Elisabeth Murdoch Cancels Edinburgh TV Festival Appearance
The Shine exec had intended to discuss her company's global success but pulled out amid fears her talk would be overshadowed by News Corp.'s phone-hacking scandal.
LONDON - Elisabeth Murdoch has backed out of appearing at the Edinburgh International TV Festival later this week in the wake of the deepening scandal around phone-hacking, it was confirmed Monday.
Murdoch, the founder and creator of Shine Productions -- which was acquired earlier his year by News Corp for $680 million in a move that had angered some shareholders -- had agreed to take part in a discussion about how to build a global production company from the UK.
The decision to bail out was made "several weeks ago" according to insiders, after it was felt that any appearance she attempted would be overshadowed by the continuing fallout from the crisis affecting the Murdoch family and News Corp.
The annual conference kicks off Friday and brings together a whole range of executives from across the broadcasting industries in the U.K. This year will see Google chief executive Eric Schmidt deliver the keynote MacTaggart lecture on Friday night.
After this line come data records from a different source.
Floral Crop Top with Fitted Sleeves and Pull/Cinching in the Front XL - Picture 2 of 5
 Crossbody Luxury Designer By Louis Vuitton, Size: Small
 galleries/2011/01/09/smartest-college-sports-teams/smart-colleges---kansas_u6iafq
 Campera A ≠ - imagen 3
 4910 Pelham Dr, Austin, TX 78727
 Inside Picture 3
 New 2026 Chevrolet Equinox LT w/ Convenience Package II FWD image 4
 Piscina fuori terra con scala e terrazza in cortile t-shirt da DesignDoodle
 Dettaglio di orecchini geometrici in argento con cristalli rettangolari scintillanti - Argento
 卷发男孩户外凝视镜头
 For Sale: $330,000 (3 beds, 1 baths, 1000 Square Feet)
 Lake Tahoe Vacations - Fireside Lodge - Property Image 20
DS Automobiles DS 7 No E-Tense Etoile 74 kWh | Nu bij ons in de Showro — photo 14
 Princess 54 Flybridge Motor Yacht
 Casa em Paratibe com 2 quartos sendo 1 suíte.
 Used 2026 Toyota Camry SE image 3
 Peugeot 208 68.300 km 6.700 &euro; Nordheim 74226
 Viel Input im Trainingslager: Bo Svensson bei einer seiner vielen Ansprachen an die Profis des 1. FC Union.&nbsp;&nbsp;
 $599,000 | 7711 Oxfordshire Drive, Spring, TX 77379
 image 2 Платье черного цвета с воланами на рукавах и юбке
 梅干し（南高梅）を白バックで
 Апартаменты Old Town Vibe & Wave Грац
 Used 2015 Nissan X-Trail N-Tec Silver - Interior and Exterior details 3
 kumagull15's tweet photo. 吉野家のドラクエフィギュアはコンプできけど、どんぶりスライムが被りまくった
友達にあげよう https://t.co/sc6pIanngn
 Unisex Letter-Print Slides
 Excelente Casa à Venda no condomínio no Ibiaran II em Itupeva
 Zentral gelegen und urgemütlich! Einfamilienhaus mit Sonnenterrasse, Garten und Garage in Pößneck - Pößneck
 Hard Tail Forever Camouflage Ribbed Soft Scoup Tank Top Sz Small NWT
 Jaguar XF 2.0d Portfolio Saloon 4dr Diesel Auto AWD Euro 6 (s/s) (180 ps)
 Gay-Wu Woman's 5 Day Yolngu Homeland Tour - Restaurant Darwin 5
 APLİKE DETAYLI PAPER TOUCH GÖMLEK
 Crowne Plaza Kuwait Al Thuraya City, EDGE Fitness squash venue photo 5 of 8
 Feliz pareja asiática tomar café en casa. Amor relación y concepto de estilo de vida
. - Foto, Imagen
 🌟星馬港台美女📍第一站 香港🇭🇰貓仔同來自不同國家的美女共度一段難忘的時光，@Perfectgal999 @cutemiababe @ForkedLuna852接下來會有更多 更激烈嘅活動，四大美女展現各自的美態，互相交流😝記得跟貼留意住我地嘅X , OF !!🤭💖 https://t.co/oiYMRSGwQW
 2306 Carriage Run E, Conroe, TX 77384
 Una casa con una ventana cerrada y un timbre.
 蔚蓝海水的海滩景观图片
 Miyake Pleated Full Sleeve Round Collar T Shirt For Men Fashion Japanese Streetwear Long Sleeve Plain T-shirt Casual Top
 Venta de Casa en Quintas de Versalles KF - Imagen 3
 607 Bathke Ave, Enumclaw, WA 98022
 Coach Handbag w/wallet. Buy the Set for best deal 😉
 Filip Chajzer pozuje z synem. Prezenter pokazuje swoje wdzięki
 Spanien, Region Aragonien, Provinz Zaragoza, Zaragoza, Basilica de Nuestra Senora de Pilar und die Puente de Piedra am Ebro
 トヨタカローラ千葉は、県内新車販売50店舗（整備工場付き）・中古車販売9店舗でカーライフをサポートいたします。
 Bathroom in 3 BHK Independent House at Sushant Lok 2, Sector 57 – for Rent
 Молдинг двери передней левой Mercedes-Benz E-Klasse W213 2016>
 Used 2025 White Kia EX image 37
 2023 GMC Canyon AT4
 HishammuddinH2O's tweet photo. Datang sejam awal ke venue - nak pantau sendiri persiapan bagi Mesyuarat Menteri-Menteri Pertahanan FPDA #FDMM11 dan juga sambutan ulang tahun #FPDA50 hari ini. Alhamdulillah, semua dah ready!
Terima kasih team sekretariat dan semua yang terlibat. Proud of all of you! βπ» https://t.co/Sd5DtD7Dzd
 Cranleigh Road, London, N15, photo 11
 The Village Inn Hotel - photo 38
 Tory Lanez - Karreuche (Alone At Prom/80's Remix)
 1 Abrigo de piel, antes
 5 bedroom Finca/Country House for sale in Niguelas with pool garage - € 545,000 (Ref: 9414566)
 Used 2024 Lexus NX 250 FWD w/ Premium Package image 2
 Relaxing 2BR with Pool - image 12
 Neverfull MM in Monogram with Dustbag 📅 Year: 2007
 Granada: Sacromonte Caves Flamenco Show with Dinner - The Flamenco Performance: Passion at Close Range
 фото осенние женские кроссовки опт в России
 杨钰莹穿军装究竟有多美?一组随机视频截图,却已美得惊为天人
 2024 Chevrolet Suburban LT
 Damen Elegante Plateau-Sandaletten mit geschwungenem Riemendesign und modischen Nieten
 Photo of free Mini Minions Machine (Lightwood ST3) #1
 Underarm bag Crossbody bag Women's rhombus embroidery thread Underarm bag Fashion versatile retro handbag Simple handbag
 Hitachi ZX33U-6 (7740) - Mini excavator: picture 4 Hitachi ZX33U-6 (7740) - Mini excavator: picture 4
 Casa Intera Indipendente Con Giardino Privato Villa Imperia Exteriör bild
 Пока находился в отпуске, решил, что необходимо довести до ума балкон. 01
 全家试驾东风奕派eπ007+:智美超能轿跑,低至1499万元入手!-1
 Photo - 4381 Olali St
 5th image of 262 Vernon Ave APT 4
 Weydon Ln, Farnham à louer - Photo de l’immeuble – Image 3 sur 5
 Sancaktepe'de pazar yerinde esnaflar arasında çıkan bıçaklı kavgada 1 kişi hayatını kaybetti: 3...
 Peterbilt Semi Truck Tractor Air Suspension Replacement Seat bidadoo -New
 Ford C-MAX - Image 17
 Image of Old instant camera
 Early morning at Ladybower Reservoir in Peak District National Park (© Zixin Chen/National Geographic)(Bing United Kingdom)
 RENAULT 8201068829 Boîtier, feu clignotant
"The organizers approached Elisabeth some time back with the idea of a session around 'How to Build a Global Production Company from the UK', which had been in discussion. This will now not go ahead at this year's festival but it is hoped can be revisited in subsequent ones," said Shine spokesman Patrick Keegan.
Shine Group president Alex Mahon is already confirmed discuss an almost identical theme at the Royal Television Society conference in Cambridge in three weeks, alongside Fremantle Media CEO Tony Cohen and BBC Worldwide boss John Smith.
Earlier this month Murdoch told the News Corp board that it would "inappropriate" for her to take a seat on the News Corp board, as had been her intention earlier this year, despite the fact she has had no connection to the phone-hacking scandal and is admired in the U.K. for both creative and commercial savvy.
The decision was announced by Viet Dinh, chairman of News Corp's corporate governance committee, and said Elisabeth had "suggested to the independent directors some weeks ago that she felt it would be inappropriate" to include her nomination to the board of New Corp.
Her decision to back out of the Edinburgh International Television Festival panel comes as attention in the phone-hacking scandal has shifted to more damaging questions about the role played by News Corp deputy COO James Murdoch, who is also chairman of BSkyB.
James is expected to face a recall to Parliament to answer more questions about what he knew about a series of emails and documents that suggest phone-hacking was widespread at the News of The World, including a letter from jailed reporter Clive Goodman who said he had been told he would keep his job at the paper if he did not implicate the company in his court case.
A date to recall James Murdoch is expected when Parliament reconvenes next month after the summer recess. Twelve reporters and former executives from the paper have been arrested as part of an investigation into the criminal acts of phone message hacking and paying police officers for information.
The scandal has already forced News International to close down one of its most popular, and profitable, newspapers and has forced parent company News Corporation to abandon its cherished strategic goal of completing the $12 billion buyout of British pay-TV powerhouse BSkyB.